A research team from the University of Calgary and Statistics Canada found that people living with osteoarthritis (OA) have almost twice the risk of losing work time due to illness or disability as those without OA. Furthermore, the researchers found that people with OA are three times as likely to become unemployed.
Combining the National Population Health Survey, the researchers selected 659 people with OA, matched them with 2,144 non-OA individuals on the basis of age and sex, and compared their reported work time loss from 2000 to 2010. Work time loss was 90% higher and unemployment tripled due to illness or disability among the OA patients after adjusting for sociodemographic, health and work-related status.
Osteoarthritis is by far the most common type of arthritis. It is estimated to affect more than 3,200,000 Canadians-about 1 in 10. The disease is the leading cause of chronic pain and loss of mobility in Canada and is associated strongly with diminished productivity and increased utilization of healthcare resources. Disease onset usually occurs during the working years.

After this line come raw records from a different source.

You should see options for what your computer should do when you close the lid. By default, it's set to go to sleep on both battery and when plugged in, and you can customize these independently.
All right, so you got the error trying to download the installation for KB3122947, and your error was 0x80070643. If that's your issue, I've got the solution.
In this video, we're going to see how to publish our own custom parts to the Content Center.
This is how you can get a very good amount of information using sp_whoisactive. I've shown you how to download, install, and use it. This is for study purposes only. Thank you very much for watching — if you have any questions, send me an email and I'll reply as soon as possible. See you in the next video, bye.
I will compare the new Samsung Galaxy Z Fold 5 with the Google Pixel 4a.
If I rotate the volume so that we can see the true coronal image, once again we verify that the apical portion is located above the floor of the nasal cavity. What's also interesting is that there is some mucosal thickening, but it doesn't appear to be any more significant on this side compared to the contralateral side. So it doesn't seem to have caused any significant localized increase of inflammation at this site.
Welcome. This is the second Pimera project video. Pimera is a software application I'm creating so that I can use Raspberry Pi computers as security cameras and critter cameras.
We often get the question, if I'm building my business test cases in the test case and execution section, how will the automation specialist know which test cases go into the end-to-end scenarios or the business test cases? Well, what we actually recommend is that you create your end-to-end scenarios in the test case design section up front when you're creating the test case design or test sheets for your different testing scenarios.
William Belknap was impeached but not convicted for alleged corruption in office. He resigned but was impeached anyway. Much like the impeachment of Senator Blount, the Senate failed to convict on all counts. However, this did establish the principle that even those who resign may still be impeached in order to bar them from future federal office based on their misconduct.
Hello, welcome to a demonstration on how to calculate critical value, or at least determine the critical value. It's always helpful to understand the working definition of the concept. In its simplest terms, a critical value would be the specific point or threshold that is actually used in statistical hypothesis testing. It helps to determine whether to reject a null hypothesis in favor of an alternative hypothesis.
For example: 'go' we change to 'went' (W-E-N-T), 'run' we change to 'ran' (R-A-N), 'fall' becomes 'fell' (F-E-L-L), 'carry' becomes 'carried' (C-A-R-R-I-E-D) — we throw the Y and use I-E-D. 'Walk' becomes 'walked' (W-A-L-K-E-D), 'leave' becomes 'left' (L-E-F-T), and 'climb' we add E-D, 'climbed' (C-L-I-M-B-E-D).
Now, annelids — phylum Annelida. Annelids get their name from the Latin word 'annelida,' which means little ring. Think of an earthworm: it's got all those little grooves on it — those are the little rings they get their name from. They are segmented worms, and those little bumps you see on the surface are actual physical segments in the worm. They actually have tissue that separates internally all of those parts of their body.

“The association between OA and work loss is a relatively new area of research,” said Behnam Sharif, the lead researcher and a postdoctoral fellow at the University of Calgary.
He added: “Work time loss will become an increasingly important problem among employed populations in western countries, including Canada, for several reasons. First, the prevalence of OA is growing due to aging populations and increasing obesity rates. In addition, decades of low birth rates mean western countries are facing the prospect of having to keep older people in the workforce.”
Dr. Sharif and his team concluded that work time loss was 25% higher among men than among women with OA – this may be because there is a higher rate of physically demanding jobs among men.
The study also found that lower income earners were more likely to stop working. “This may suggest poorer support for lower income groups in terms of illness and disability,” said Dr. Deborah Marshall, a professor in the Department of Community Health Sciences, University of Calgary, and director of Health Technology Assessment and Research for Alberta Bone and Joint Health Institute (ABJHI).
“Within a generation, there will be a new diagnosis of OA every 60 seconds in Canada. We need to intensify efforts in prevention and care in response to the growing burden of this disease on individuals, public healthcare and the economy,” added Christopher Smith, ABJHI’s Chief Operating Officer.
“Being unable to work due to arthritis places a terrible strain on a person, and on their family and the community,” said Janet Yale, president and CEO of The Arthritis Society. “There is a lot that employers and employees can do to help reduce the risk of developing OA, and help those living with OA to remain productive, and it starts with getting educated about the disease.”
The study’s results raise alarms over the lack of work loss prevention programs for people with OA – the fastest growing cause of disability worldwide. The results of the study are published in Rheumatology.
Arthritis Consumer Experts, and its Canada’s Best Workplaces for Employees Living with Arthritis program, urge Canadian employers to look for ways to promote patient-focused prevention, treatment and management of chronic disease as part of a health and wellness program for employees.